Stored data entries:
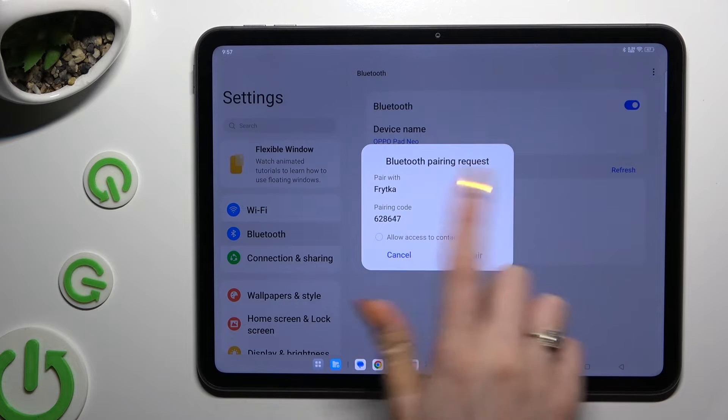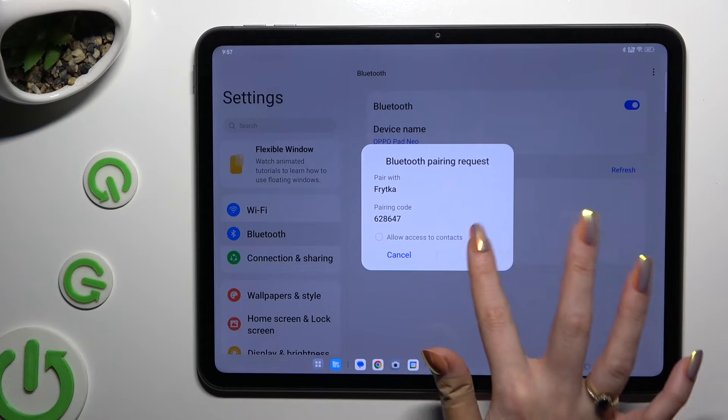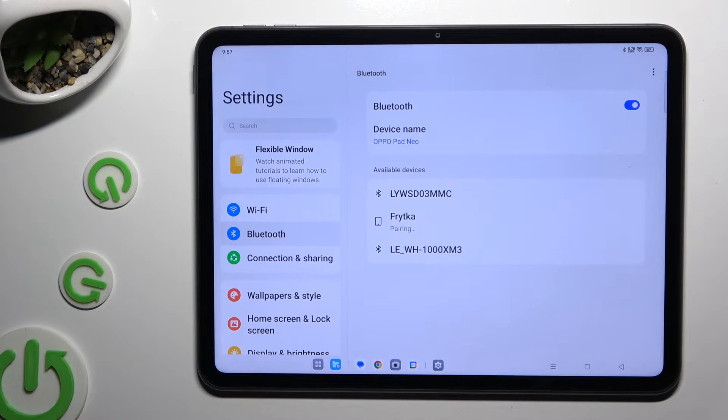When you see this type of pop-up, select Pair, and then wait for the other device to accept your connection request.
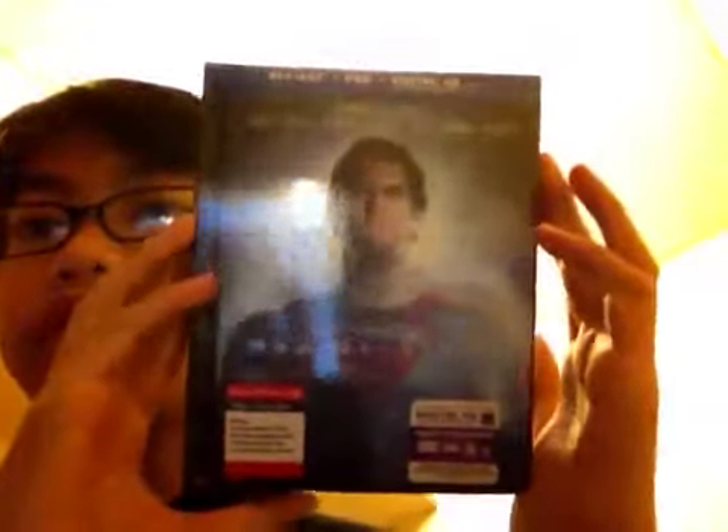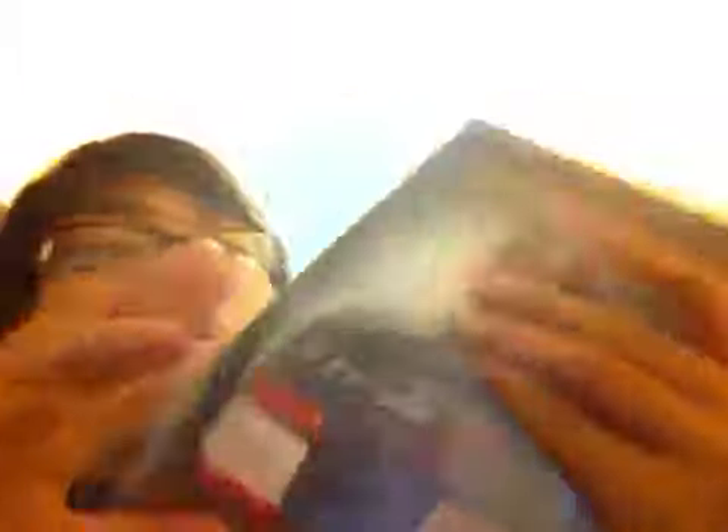Yeah, I'm gonna open it. So first I'm gonna show you the cover — here's the front, here is the spine, here's the back. It says 'Man of Steel soars high' — Peter Travers, Rolling Stone. And this is the Target exclusive edition. It comes with...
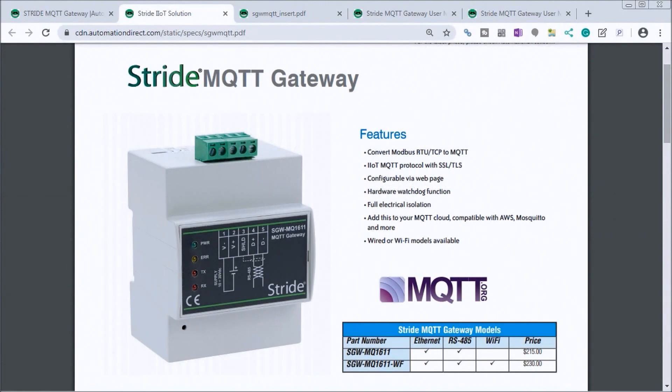Hi everyone, today we're going to be looking at the Stride MQTT Gateway unboxing. Detailed information contained in the video can be found at accautomation.ca — the link's been put in the description below. If you've not watched some of the other videos yet, there'll be links in the description for all the rest of the videos as well.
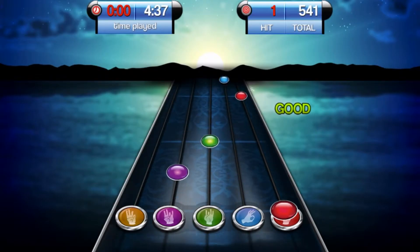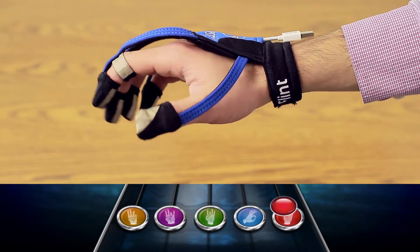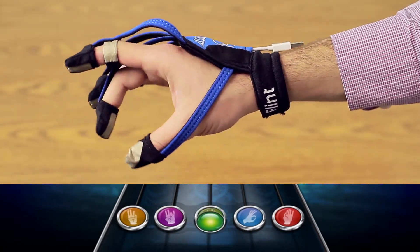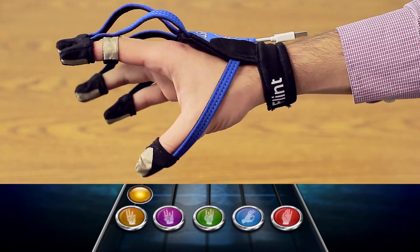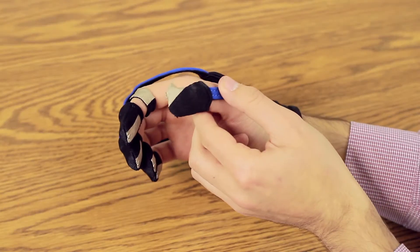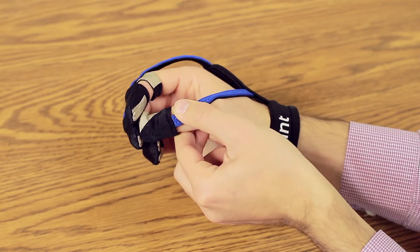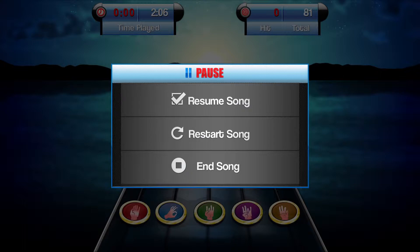In the Game screen, the user must make the appropriate grip when the respective colored dot passes through the circle on the bottom of the screen. If the user already has some hand movement, then start by focusing on a single grip until he's able to hit at least 50% of the notes for that grip. You may also assist a user through passive or active exercise if he has limited hand function. Touch the screen to pause the game. In this menu, you can restart the song or end the song early.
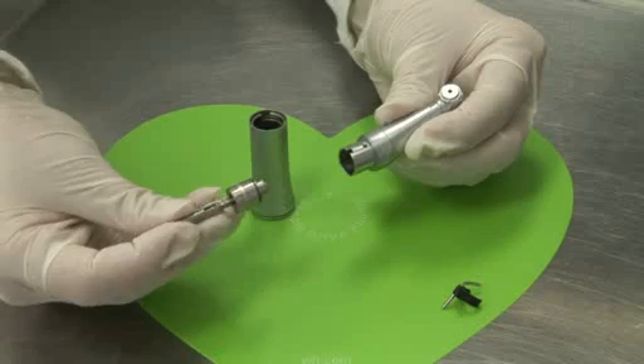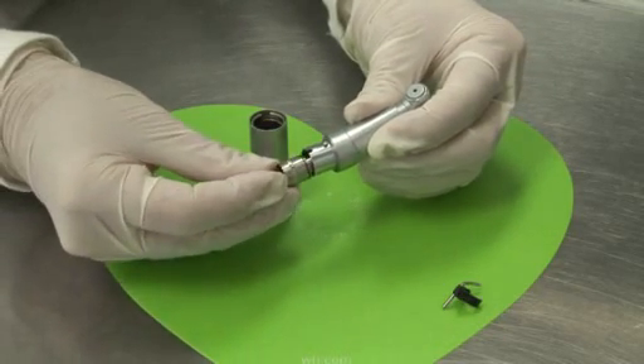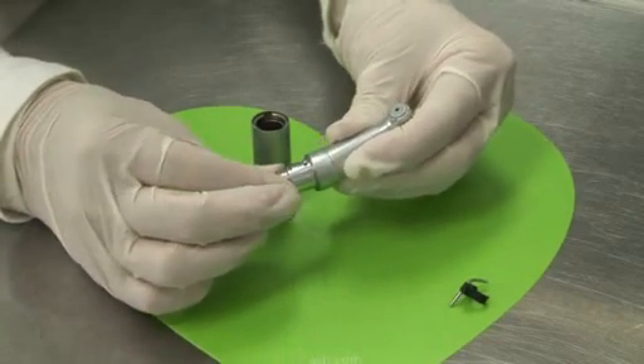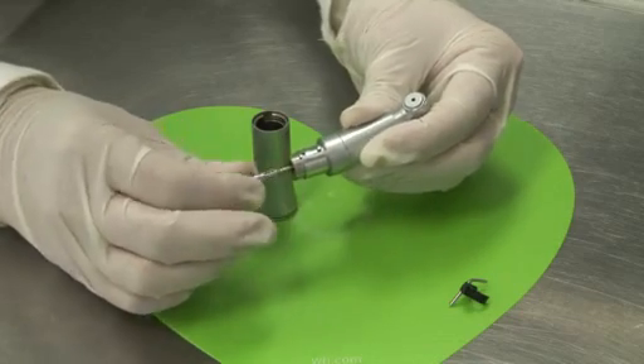Taking the rear gear assembly, matching up the rectangular pin to the notch, gently insert, twist, press to make sure that it just gently engages in and twist again.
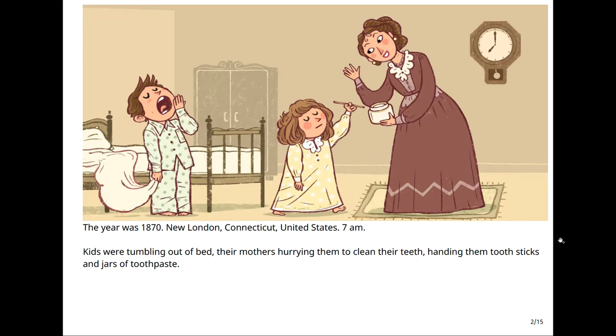The year was 1870, New London, Connecticut, United States, 7 a.m. Kids were tumbling out of bed, their mothers hurrying them to clean their teeth, handing them tooth sticks and jars of toothpaste.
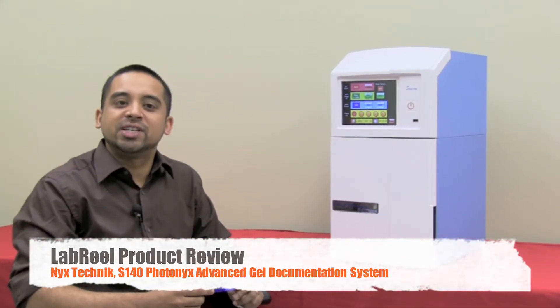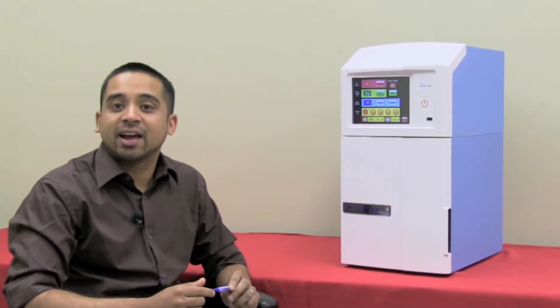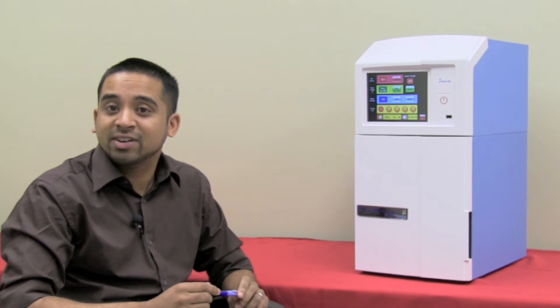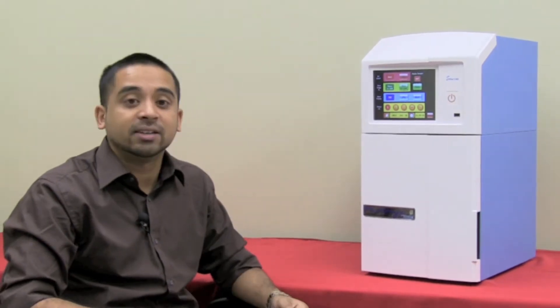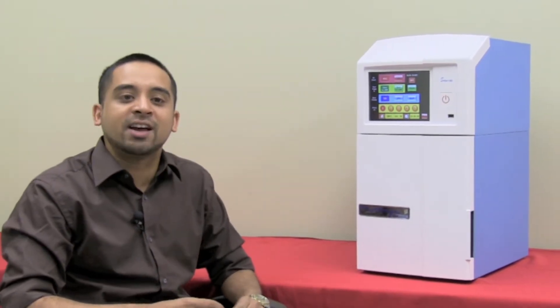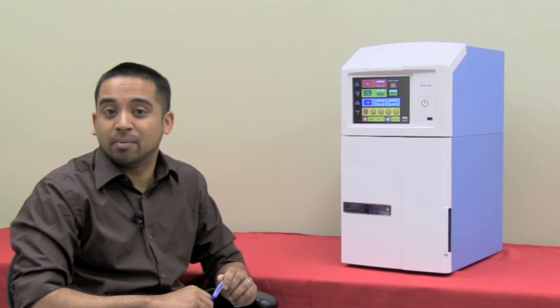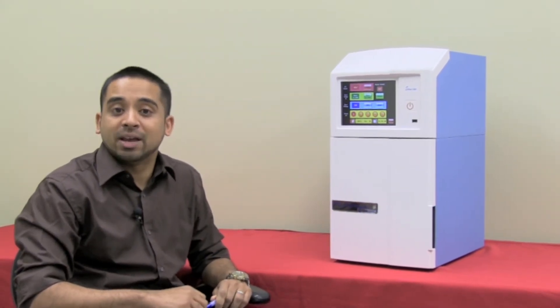The S140 is a compact gel documentation system with user-friendly features. It's easy to operate and has a very quick response. The imaging system consists of a scientific CCD camera, a motor-driven lens, and a 595 nanometer filter. There's also a UV white light transluminator. Following the design concept of a single independent benchtop workstation, the S140 does not require any external computer to operate. The built-in LCD touchscreen allows for direct manipulation of image data.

• Your task:
Beginning at the line that contains "In the Game", transcribe it and every later line through the last line of the data above, exactly, and drop the pictures.

• Solution below:
In the Game screen, the user must make the appropriate grip when the respective colored dot passes through the circle on the bottom of the screen. If the user already has some hand movement, then start by focusing on a single grip until he's able to hit at least 50% of the notes for that grip. You may also assist a user through passive or active exercise if he has limited hand function. Touch the screen to pause the game. In this menu, you can restart the song or end the song early.
Taking the rear gear assembly, matching up the rectangular pin to the notch, gently insert, twist, press to make sure that it just gently engages in and twist again.
The year was 1870, New London, Connecticut, United States, 7 a.m. Kids were tumbling out of bed, their mothers hurrying them to clean their teeth, handing them tooth sticks and jars of toothpaste.
The S140 is a compact gel documentation system with user-friendly features. It's easy to operate and has a very quick response. The imaging system consists of a scientific CCD camera, a motor-driven lens, and a 595 nanometer filter. There's also a UV white light transluminator. Following the design concept of a single independent benchtop workstation, the S140 does not require any external computer to operate. The built-in LCD touchscreen allows for direct manipulation of image data.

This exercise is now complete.